━━━━━ INFORMATION

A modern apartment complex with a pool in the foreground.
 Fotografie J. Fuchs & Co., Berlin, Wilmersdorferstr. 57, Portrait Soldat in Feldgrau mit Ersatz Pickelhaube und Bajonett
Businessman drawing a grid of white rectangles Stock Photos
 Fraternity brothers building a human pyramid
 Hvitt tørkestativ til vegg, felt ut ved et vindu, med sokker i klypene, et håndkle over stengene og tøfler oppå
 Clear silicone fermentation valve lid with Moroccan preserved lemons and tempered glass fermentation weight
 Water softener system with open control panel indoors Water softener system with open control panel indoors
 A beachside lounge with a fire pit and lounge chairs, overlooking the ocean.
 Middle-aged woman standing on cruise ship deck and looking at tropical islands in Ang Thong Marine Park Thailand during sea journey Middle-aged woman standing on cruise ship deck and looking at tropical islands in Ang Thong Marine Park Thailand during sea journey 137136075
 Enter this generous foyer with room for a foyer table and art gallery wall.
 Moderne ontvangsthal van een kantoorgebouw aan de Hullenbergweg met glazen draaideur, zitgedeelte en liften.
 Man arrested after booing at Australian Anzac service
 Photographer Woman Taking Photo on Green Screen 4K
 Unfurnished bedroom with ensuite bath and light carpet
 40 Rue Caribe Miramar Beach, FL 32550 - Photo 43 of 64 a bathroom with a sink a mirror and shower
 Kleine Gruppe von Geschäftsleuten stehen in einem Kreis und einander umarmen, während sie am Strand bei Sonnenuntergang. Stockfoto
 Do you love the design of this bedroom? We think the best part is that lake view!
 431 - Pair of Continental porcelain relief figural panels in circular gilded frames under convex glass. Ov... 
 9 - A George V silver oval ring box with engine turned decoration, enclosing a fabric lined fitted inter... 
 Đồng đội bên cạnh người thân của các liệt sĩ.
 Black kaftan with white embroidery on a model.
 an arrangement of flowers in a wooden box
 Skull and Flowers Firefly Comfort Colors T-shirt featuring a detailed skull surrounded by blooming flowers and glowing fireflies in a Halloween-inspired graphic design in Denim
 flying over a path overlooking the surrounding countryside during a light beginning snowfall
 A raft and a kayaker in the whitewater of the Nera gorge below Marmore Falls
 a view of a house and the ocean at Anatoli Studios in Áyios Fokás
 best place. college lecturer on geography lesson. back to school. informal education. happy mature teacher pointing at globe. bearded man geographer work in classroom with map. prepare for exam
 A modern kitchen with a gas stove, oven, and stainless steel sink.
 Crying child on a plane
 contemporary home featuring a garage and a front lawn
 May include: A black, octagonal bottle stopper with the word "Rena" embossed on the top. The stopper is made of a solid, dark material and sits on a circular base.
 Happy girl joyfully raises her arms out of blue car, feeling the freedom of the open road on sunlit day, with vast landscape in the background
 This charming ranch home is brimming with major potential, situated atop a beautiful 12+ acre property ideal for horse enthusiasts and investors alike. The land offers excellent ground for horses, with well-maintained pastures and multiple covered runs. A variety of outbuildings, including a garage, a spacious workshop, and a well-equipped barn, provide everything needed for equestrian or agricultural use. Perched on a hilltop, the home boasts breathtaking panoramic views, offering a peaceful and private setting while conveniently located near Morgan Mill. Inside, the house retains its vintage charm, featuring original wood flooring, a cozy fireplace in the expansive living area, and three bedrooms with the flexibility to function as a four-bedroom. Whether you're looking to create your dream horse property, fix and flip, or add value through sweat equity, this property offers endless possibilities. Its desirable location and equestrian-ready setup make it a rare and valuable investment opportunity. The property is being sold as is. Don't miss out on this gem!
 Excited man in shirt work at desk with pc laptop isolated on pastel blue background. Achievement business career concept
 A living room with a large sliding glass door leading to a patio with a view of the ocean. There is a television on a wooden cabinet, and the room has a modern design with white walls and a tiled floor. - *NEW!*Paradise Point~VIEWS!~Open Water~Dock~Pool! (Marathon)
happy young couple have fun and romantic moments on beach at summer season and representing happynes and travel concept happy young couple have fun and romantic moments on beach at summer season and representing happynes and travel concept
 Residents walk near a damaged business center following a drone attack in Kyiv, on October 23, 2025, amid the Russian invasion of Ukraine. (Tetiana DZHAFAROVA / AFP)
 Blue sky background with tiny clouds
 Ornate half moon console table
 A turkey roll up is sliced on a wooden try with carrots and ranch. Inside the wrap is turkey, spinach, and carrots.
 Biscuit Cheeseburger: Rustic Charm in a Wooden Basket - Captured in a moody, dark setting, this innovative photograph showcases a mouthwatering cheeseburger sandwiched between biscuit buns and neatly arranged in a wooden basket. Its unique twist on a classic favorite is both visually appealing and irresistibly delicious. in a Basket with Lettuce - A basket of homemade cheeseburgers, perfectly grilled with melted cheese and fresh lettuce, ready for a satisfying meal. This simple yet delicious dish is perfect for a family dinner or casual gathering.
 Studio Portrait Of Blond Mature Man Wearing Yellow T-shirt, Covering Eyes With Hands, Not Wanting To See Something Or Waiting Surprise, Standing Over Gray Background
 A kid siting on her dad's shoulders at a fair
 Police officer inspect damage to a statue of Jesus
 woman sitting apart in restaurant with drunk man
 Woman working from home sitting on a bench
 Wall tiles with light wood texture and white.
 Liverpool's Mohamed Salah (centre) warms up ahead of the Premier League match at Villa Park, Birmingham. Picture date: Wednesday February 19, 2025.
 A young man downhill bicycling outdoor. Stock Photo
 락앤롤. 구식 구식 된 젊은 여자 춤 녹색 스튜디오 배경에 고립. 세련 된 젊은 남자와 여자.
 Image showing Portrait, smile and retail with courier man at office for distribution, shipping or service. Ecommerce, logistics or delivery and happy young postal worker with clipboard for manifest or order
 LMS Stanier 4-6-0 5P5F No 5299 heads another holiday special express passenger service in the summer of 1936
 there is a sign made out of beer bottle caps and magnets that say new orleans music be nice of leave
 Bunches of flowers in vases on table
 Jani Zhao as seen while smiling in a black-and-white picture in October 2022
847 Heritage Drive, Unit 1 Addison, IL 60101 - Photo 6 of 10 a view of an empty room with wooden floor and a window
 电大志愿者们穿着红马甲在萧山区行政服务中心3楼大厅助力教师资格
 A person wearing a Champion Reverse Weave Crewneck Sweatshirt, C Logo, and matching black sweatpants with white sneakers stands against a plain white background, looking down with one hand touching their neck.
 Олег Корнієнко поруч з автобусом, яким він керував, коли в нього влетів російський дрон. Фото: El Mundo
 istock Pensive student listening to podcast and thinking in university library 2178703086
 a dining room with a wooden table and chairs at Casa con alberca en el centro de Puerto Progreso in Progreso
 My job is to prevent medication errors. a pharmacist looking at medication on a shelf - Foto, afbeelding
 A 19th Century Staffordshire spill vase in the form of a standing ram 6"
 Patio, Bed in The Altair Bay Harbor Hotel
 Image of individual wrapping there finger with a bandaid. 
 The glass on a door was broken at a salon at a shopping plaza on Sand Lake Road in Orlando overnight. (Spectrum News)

━━━━━━━━━━

YOUR INSTRUCTIONS
Begin with the line above that has "Unfurnished bedroom with" and continue through the line that has "9 - A George", setting each one down exactly. Stop there.

TASK RESPONSE
 Unfurnished bedroom with ensuite bath and light carpet
 40 Rue Caribe Miramar Beach, FL 32550 - Photo 43 of 64 a bathroom with a sink a mirror and shower
 Kleine Gruppe von Geschäftsleuten stehen in einem Kreis und einander umarmen, während sie am Strand bei Sonnenuntergang. Stockfoto
 Do you love the design of this bedroom? We think the best part is that lake view!
 431 - Pair of Continental porcelain relief figural panels in circular gilded frames under convex glass. Ov... 
 9 - A George V silver oval ring box with engine turned decoration, enclosing a fabric lined fitted inter... 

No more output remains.